Monday Morning Brief | Groundhog Day

February 01, 2016 08:18 AM

Watch as Linn’s Stamp News senior editor Denise McCarty discusses Groundhog Day, including stamps from the United States and Canada that picture groundhogs, and stamps from other countries related to the origins of Groundhog Day.

Full Video Transcript: 

Welcome to the Monday Morning Brief for February 1, 2016.

In the first two months of each year, several nations issue stamps with themes of love in time for use on Valentine’s Day mail. Earlier this year, the United States Postal Service continued its long-running Love stamp series with a Quilled Paper Heart forever stamp issued on Jan. 12.

But, another traditional holiday this month, has seemingly been all but ignored on postage stamps. This holiday is Groundhog’s Day. However, while there may not be stamps commemorating Feb. 2, there are a few stamps that picture groundhogs and their relatives and illustrate the traditions and customs that led to having a groundhog predict the weather.

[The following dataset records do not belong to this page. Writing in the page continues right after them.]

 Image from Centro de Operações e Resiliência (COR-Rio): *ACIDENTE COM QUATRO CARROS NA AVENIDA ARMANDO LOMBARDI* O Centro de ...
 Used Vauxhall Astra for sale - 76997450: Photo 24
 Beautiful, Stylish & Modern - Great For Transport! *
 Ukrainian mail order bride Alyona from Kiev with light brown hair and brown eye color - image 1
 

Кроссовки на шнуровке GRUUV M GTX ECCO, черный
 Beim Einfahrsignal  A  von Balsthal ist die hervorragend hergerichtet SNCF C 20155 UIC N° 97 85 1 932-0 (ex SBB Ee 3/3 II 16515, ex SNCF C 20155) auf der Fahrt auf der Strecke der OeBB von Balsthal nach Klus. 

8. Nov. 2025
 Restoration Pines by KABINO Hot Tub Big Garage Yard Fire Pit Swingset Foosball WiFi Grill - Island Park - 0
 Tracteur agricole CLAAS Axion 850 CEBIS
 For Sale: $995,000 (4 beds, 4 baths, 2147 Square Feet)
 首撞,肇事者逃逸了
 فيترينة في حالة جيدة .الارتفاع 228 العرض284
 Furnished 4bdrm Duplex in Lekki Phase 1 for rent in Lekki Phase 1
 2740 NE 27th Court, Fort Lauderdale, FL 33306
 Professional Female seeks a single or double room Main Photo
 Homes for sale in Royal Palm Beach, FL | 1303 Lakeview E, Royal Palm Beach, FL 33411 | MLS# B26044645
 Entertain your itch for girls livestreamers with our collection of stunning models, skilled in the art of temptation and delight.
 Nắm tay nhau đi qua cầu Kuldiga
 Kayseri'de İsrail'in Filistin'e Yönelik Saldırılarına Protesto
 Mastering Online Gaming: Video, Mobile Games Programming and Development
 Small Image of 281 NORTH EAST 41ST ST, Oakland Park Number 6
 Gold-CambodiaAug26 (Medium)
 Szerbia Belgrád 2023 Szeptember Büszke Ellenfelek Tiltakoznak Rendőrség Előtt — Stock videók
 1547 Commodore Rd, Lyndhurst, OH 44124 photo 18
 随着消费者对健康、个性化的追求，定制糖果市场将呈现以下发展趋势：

A large rodent, in fact the largest member of the squirrel family, the groundhog is native to North America. It is also called the woodchuck, which is the name that appears on a 22¢ stamp in the 1987 North American Wildlife pane of 50.

Canada pictures four young woodchucks on a permanent-rate stamp issued Jan. 14, 2013, in a series devoted to baby animals.

According to most sources, what we now know as Groundhog Day was brought to Pennsylvania by German settlers as part of the celebration of Candlemas Day. A 1953 semipostal stamp of Luxembourg features Candlemas, part of a set showing folklore traditions.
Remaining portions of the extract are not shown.